**Exercise description**
Output the span of lines from the one that contains "Xi Jinping arrives" through the end of the records, inclusive, exactly as written and free of pictures.

**Available data**
+ + + + +

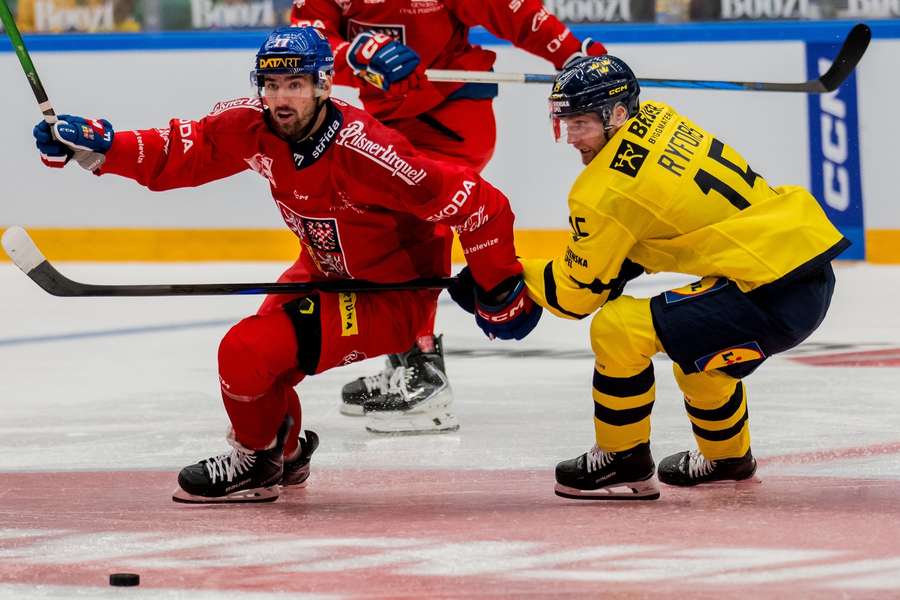 Filip Pyrochta (vlevo) v souboji se Švédy. Filip Pyrochta (vlevo) v souboji se Švédy.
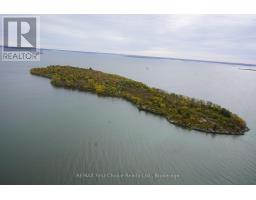 S1048 Massacre Island, Lake Of The Woods, ON P0X1C0 Photo 7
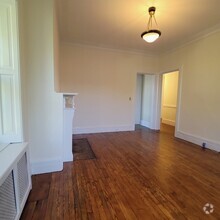 Building Photo - 10 S Cottenet St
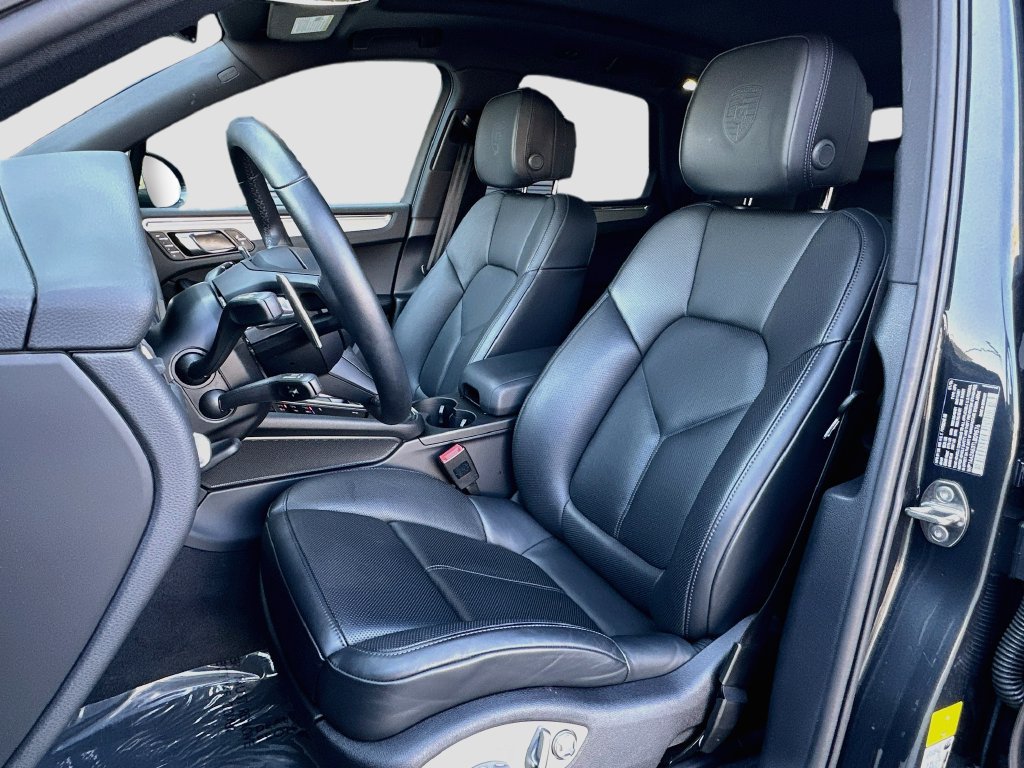 Certified 2026 Porsche Macan AWD/4WD image 5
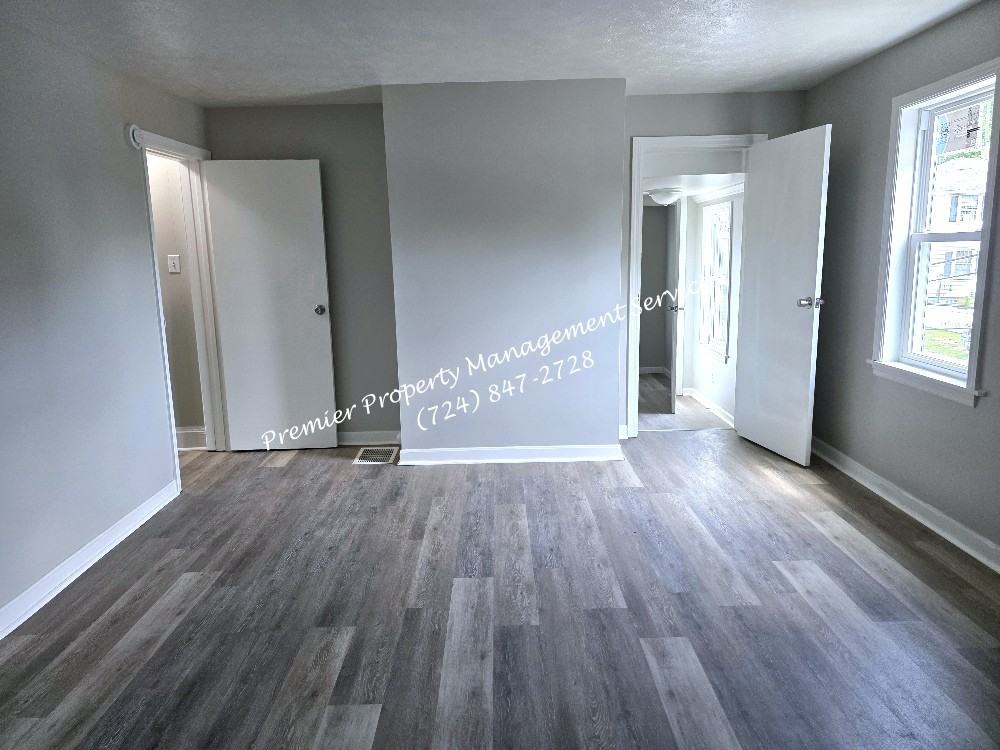 1600 4th Ave #1 - Photo 6 of 10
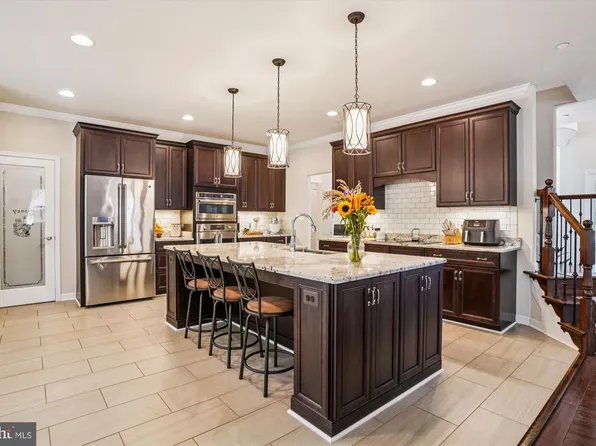 9431 Yawkey Pl, La Plata, MD 20646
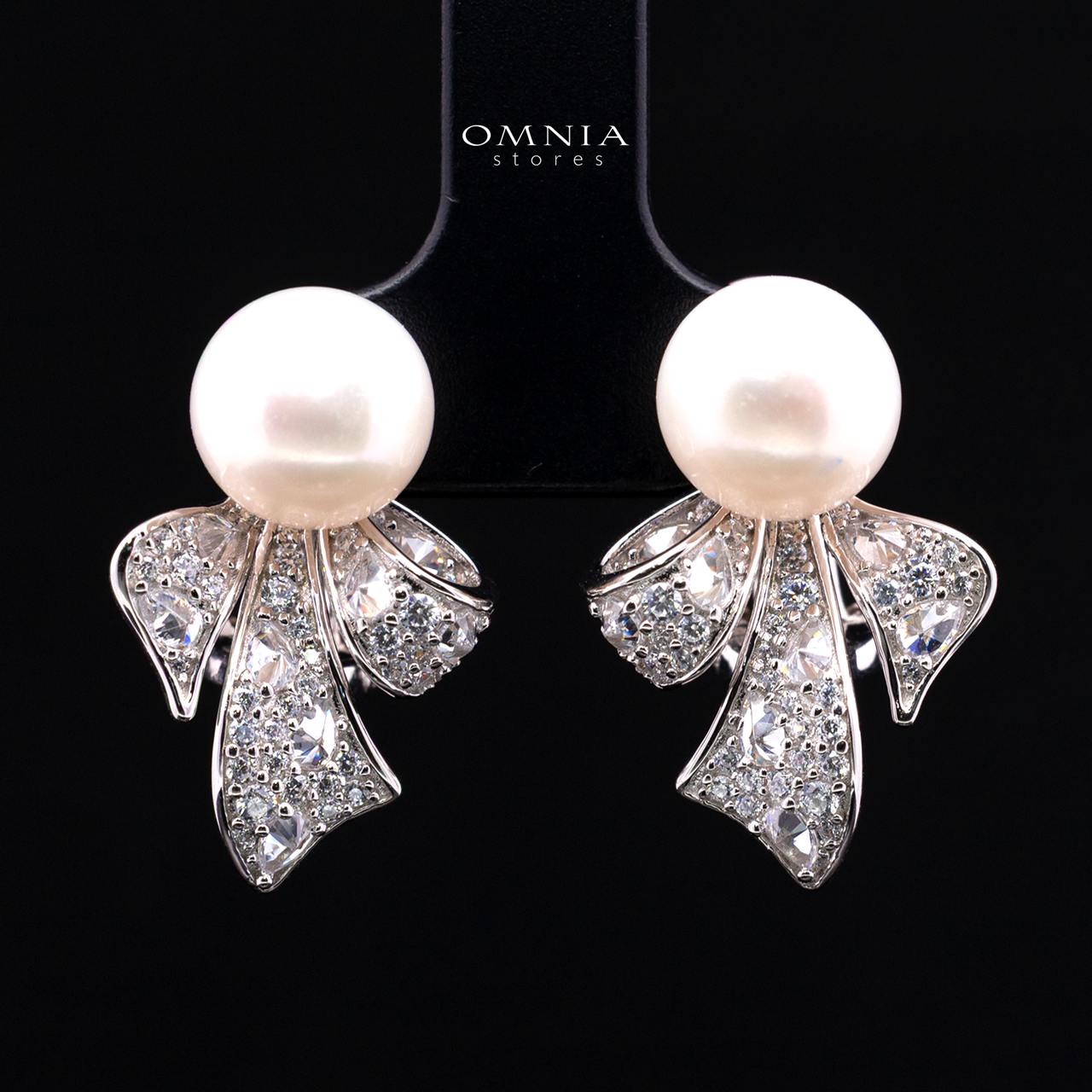 Oriana Fresh Water Pearl Earring in 925 Silver with High-Quality Simulated Diamonds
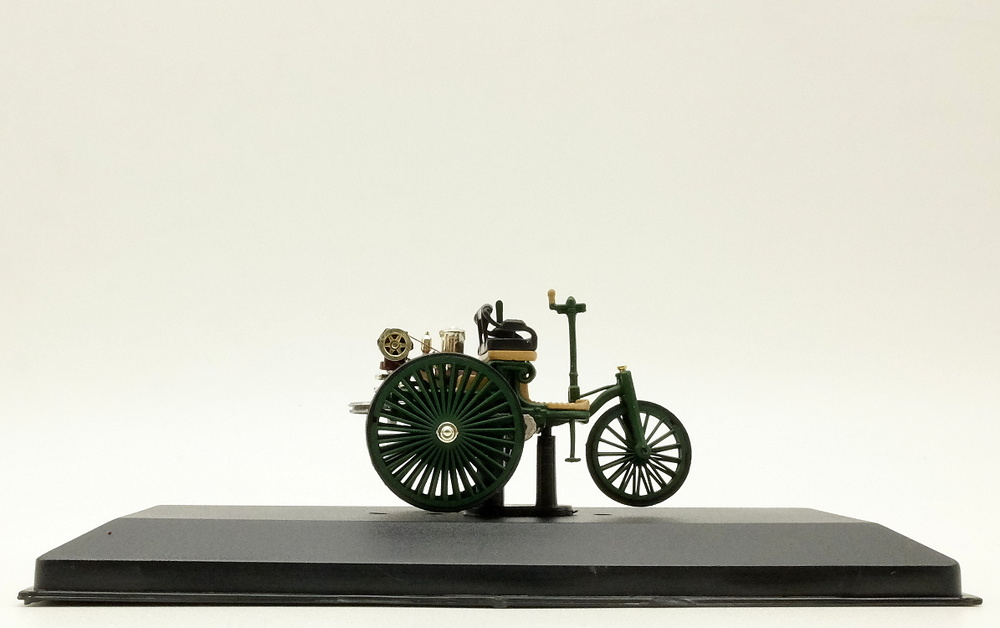 Benz Triciclo Patent Motorwagen (1886) Altaya 1/43 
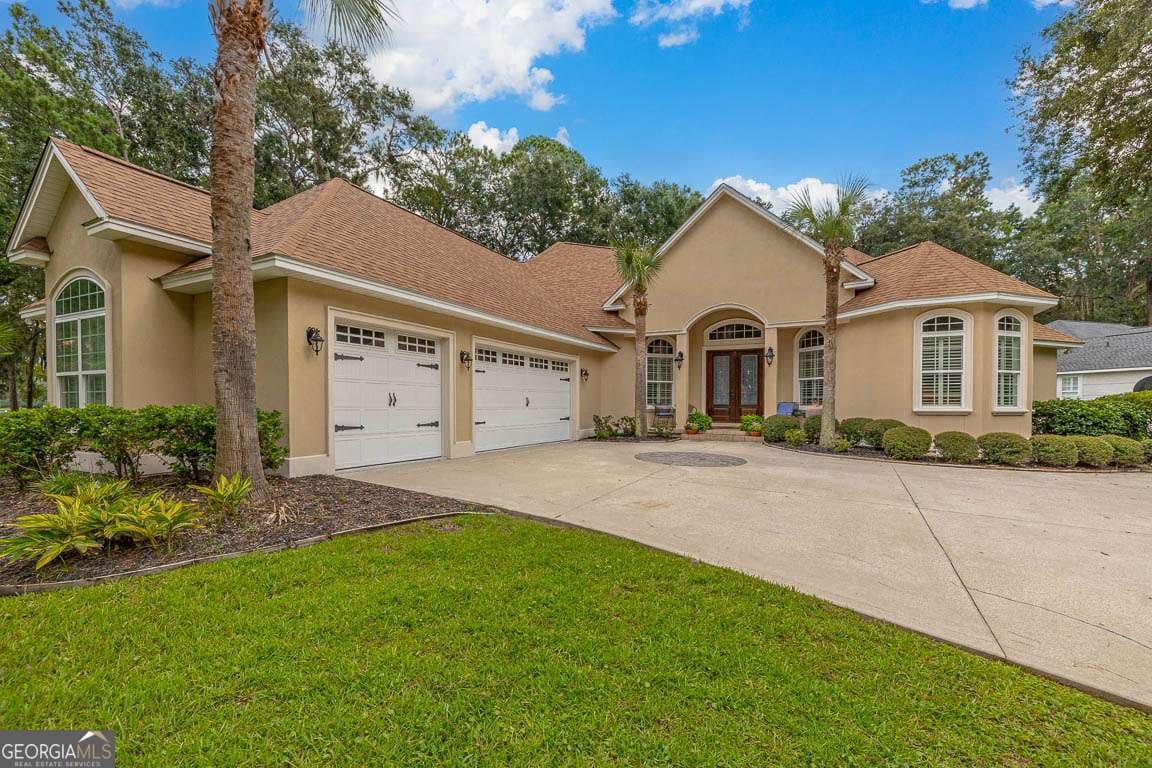 4 bedroom, 3.5 bathroom, 3,352 sq ft single family residence for sale at 180 Rice Mill, St. Simons, GA 31522 — photo 2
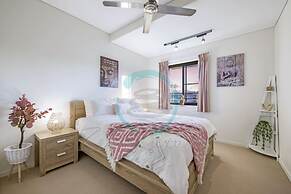 Peninsula Bliss Sea View Private Balcony Dining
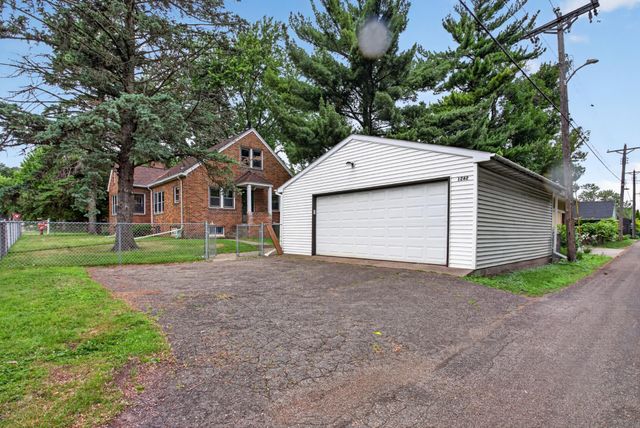 1262 Edgcumbe Road, Saint Paul, MN 55105
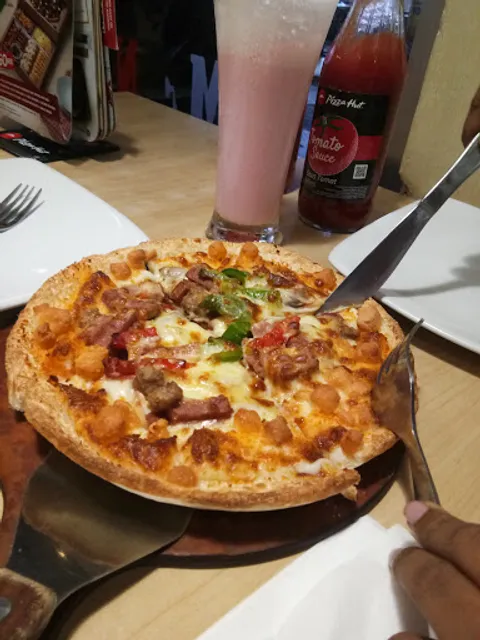 Pizza Hut Restoran - Pusat Grosir Cililitan
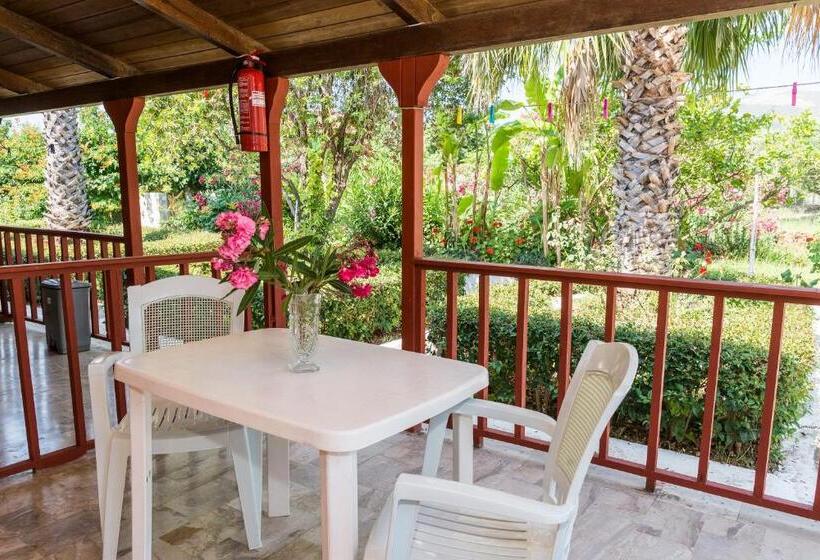 اتاق استاندارد, Roussa's Apartments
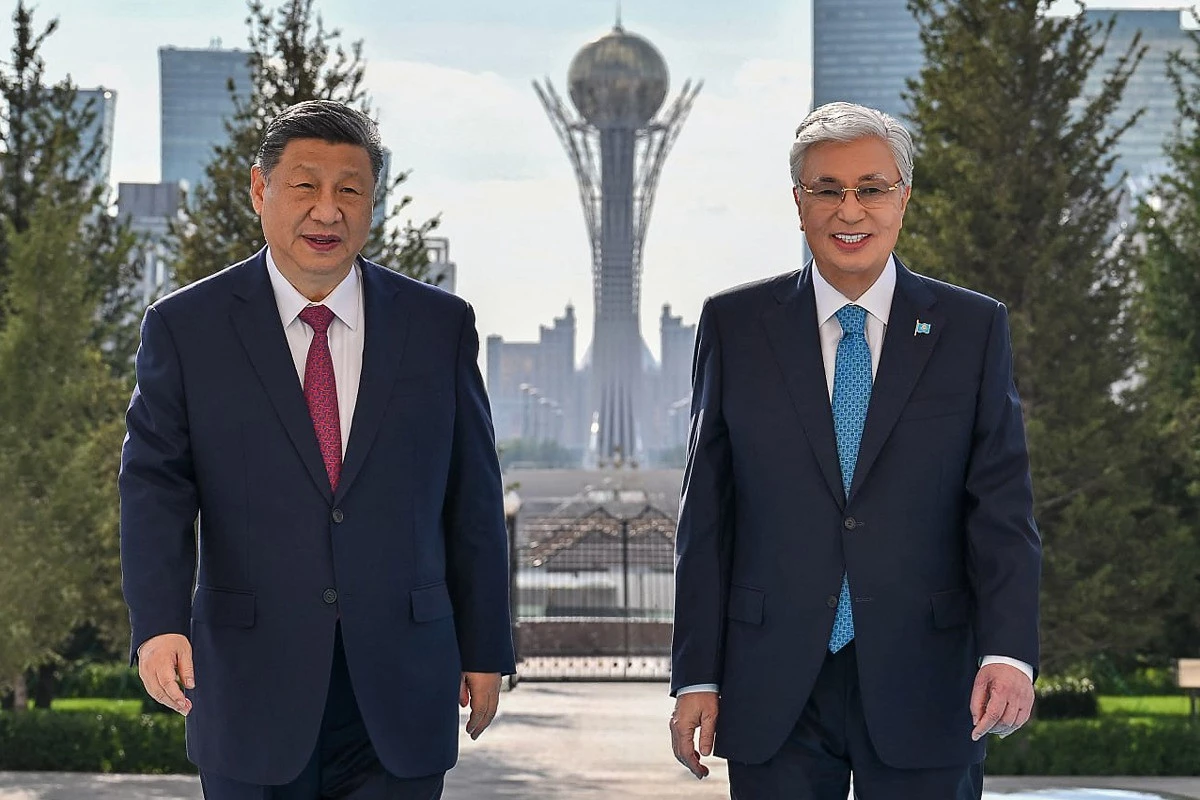Xi Jinping arrives at the Central Asian summit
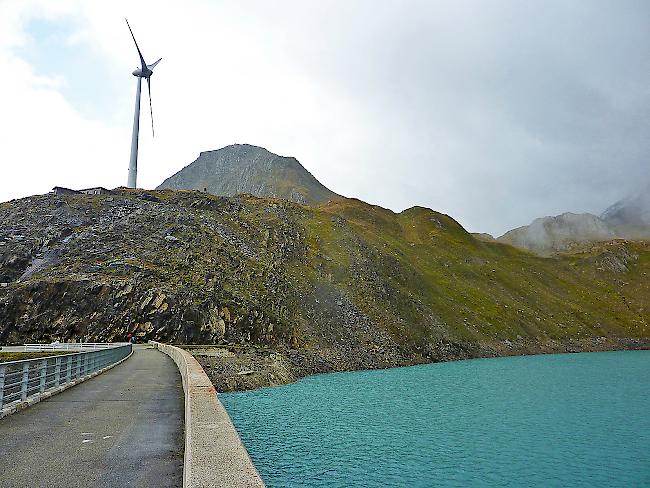 Nächstes Jahr werden am Griespass drei noch grössere Windanlagen gebaut.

+ + + + +

**Expected output**
Xi Jinping arrives at the Central Asian summit
 Nächstes Jahr werden am Griespass drei noch grössere Windanlagen gebaut.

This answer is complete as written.